The guesses aren’t 100% accurate – especially if your information is not consistent – but it’s a lot easier to delete the handful of things that are obviously not zip codes …
Than to work out a formula that extracts the same information
Text to columns
Text to columns uses the fixed-length file and delimited file import wizard on a column of data – essentially treating that column as a file to be imported. In this example, a DateTime value is provided in a way that Excel only sees it as a string. And, frankly, I am not interested on the exact hundredth of a second the event occurred. What I really want to do is group these creation dates by day, so all I need is the date component.
If you want to retain all the data, you’ll need to insert empty columns to the right – otherwise the data being split out can overwrite existing data. In my case, I only want to keep one of the new columns.
Highlight the column that holds your data. On the “Data” ribbon, select “Text to columns”
Select if the column should be split based on a fixed width definition or a delimiter and click ‘Next’
Indicate the proper delimiter – in this case, I need to use ‘Other’ and enter the letter T. A preview of the split data will appear below – make sure it looks reasonable. Click “Next”.
For each new row, you can specify a data type. Or leave the type set to “General” and Excel will try to figure it out.
If you do not need to retain the data, select “Do not import this column (skip)”. Click “Finish” to split your column.
Voilà – I’ve got a usable date value.
Notice, though, I have lost my original data. If you want to retain the original data, create a copy of the column. In this example, I want to know how many e-mail addresses use each domain, but I want to have the e-mail addresses in a recognizable and usable format too.
Text to columns will still replace the values from the selected column.

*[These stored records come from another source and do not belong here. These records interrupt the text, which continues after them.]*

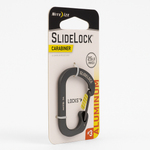 Nite Ize Size 3 SlideLock Carabiner Locking Aluminum Keychain Charcoal Grey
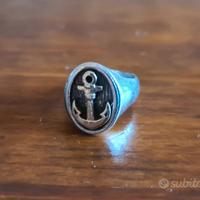 Anello El Rana in argento, modello bicolor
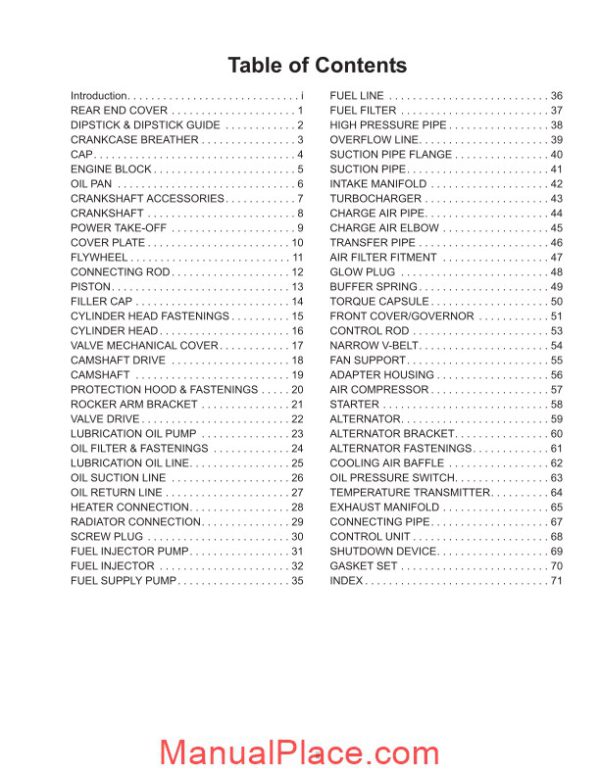 deutz engine sl4635 sl4835 sl5635 sl6635 skid loader parts manual page 3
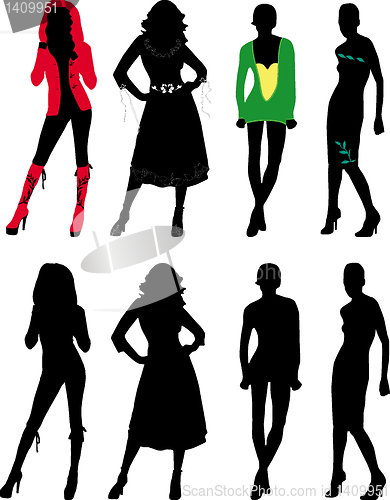 Image of Silhouette fashion girls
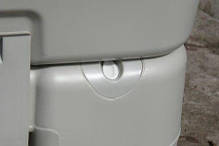 Біотуалет, туалет на кемпінг портативний 20 л з індикатором PT20B, фото 3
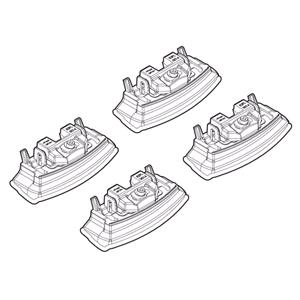 Complete set of aluminium roof bars, supplied with locks and keys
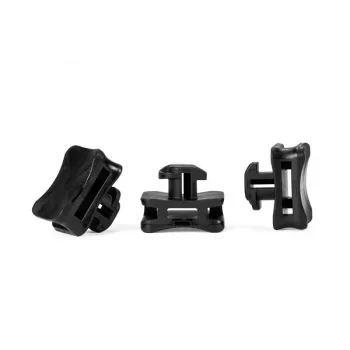 HellermannTyton ACFM5W8PT4,5 Suporte de abraçadeiras para calha DIN, PA66 resistente ao choque, preto, 25 unid. 151-03245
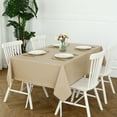 thumbnail image 1 of Romanstile 100% Waterproof Linen Tablecloth 54x78 inch,Rectangle Table Cloth Oil Proof Wipeable for Indoor and Outdoor,Khaki, 1 of 8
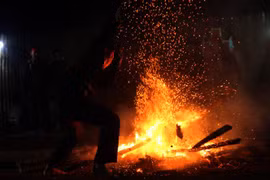 Fire dancing festival reenacted in Dien Bien province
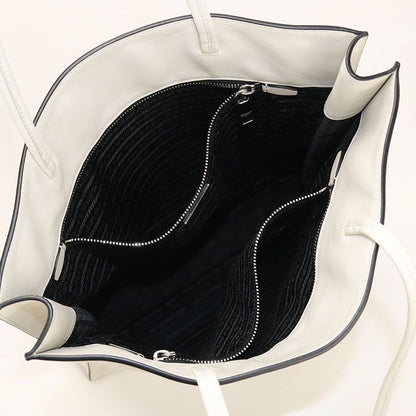 Prada Triangle Logo Tote Leather — view 3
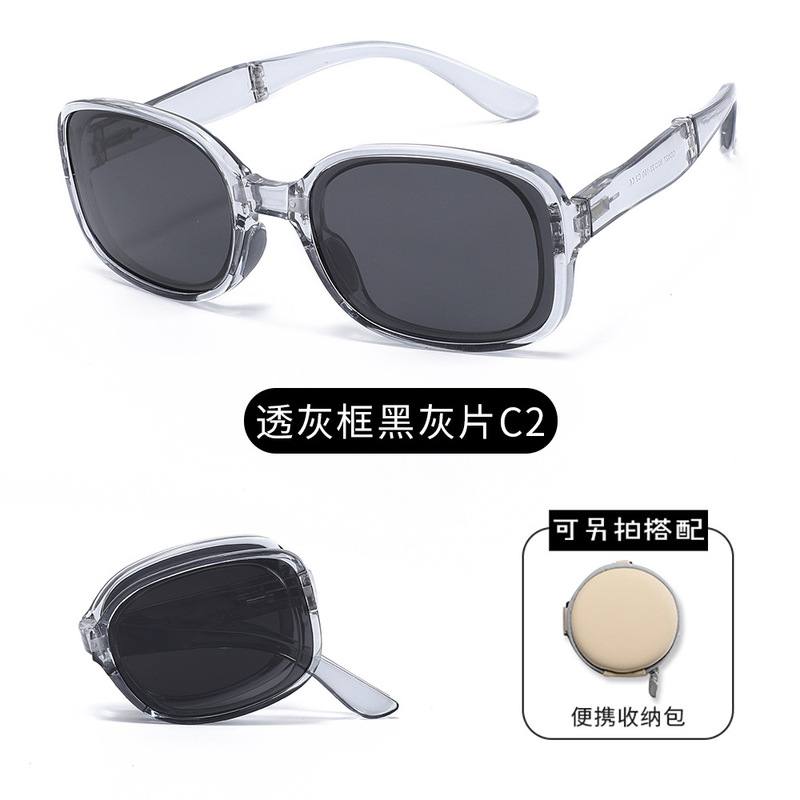 新款折叠太阳镜防紫外线时尚偏光墨镜男女款眼镜防晒潮流款 CD027|undefined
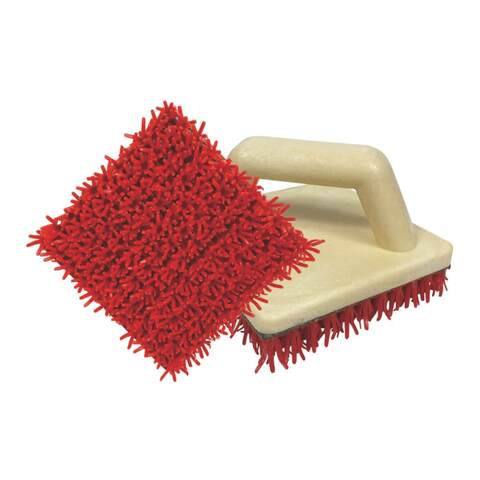 Губка-скребок "колючка" с ручкой Makler RCY102 / Маклер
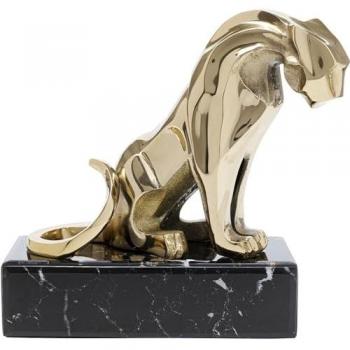 KARE Lion on Marble – 34 cm Gold/Black Sculpture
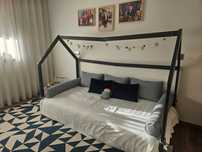 Estrutura de Cama Casa de Criança 90x200cm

But the copy will contain the original text.
You can even use Text to columns to sort out odd data that doesn’t actually get split into multiple columns. In this example, negative values have the minus sign after the number … which isn’t actually a negative number and isn’t usable in calculations.

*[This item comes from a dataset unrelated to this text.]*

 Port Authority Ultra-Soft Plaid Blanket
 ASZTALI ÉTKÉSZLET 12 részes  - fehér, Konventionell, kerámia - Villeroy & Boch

Pick a delimiter that doesn’t appear in your data, and you’ll only have one column. When selecting the data format, click “Advanced”
Make sure the “Trailing minus for negative numbers” checkbox is checked and click OK.
And we’ve got negative numbers
Right, Left, Mid, and Search Functions:
You can also use the Search function in conjunction with Right, Left, and Mid to extract components of column data. In this example, we have first and last names. Since there are a few middle initials in there, we cannot just split on the space character.
These formulae aren’t perfect – Mary Ann will have ‘Mary’ as a first name – but
Working out where to start the text extraction and the number of characters to extract can get complex. I’ll usually include the Substitute function to simplify things a little – the zip code, in this case, is whatever is left over after we find the city and state.
Producing columns with the city, state, and zip code from the ‘Location’ column.